Is Michael Gove’s school reform a hideous distortion of the Labour Academies
programme, as Ed Balls put it, or the fulfillment of that agenda? Until now Lord Adonis, the architect of the Academies programme, has kept silent on the issue. But he’s interviewed in The
Spectator tomorrow by Matthew Smith, editor of Attain magazine. Here is a brief extract:
‘Ed Balls has declared Gove’s plans for academies as ‘a total perversion of Labour’s policy, which was about turning round under-performing schools in disadvantaged areas’. Adonis’s response is rather different. ‘Neither I nor Tony Blair believed that academies should be restricted to areas with failing schools. We wanted all schools to be eligible for academy status, and we were enthusiastic about the idea of entirely new schools being established on the academy model, as in Michael Gove’s Free Schools policy.’ He says that, for Labour, it was a question of sequencing. ‘The most urgent challenge facing English education is the replacement of failing and underperforming comprehensives.
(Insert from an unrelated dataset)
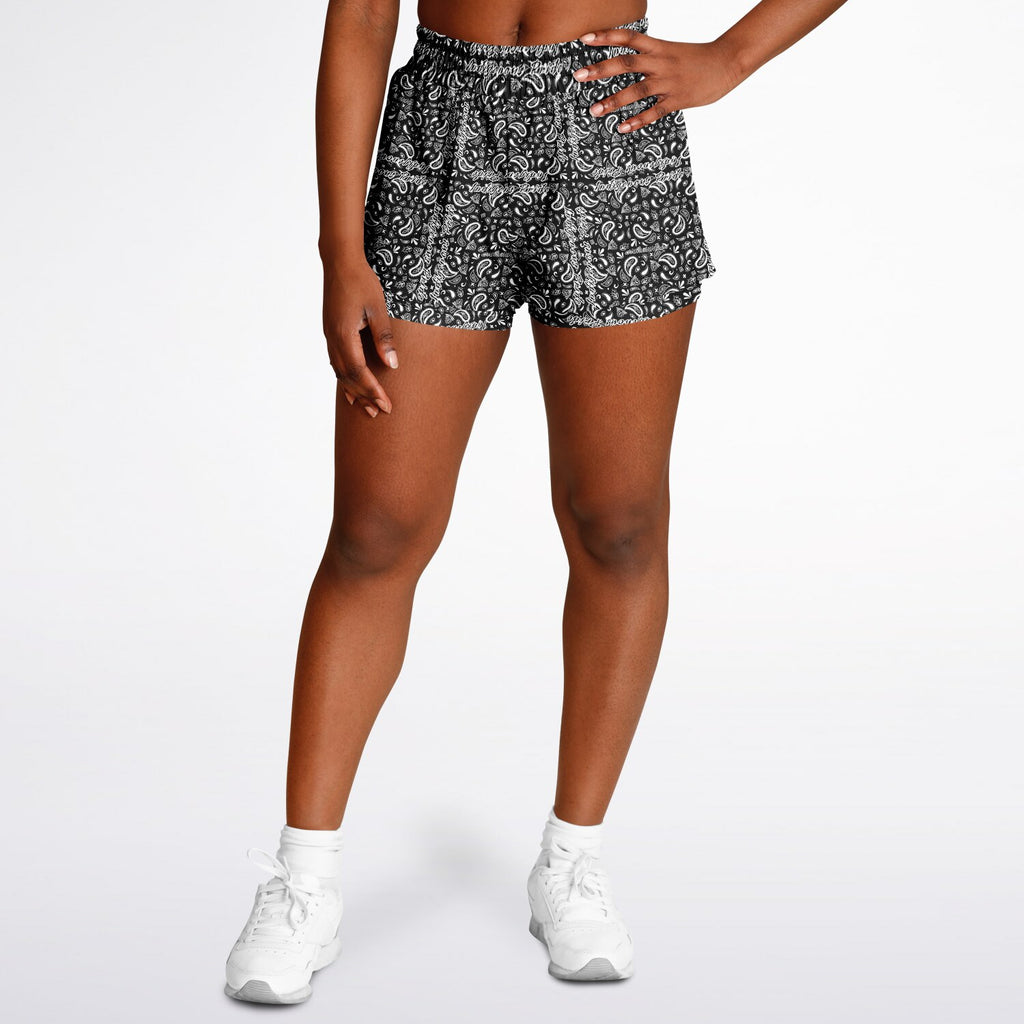 $NiieihiiNookei Women's 2-in-1 Shorts - AOP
We focused academies accordingly, and the coalition would be wise to do so too. Eradicating the tail of failing comprehensives is what will transform English education — and English society.’ Looking back, does he feel that the Academies programme lost momentum when Tony Blair left? ‘I couldn’t possibly comment on that one. The fact is that we have more than 400 academies which are either open or on the way to being opened. That’s a phenomenal achievement for state-funded education. The coalition is taking the academies movement further, it is making it possible for more successful schools to become academies too and I support that.’ Much attention has fallen on ‘free schools’, academies that can be set up by new providers and run independently under the state system. What does Adonis think of them? ‘I support them. I have no problem with free schools at all. As you know I am a strong supporter of diversity in the state system and independently managed schools. Provided the schools are funded fairly and they don’t have unfair admissions practices, then I think having greater diversity of schools is a good thing.’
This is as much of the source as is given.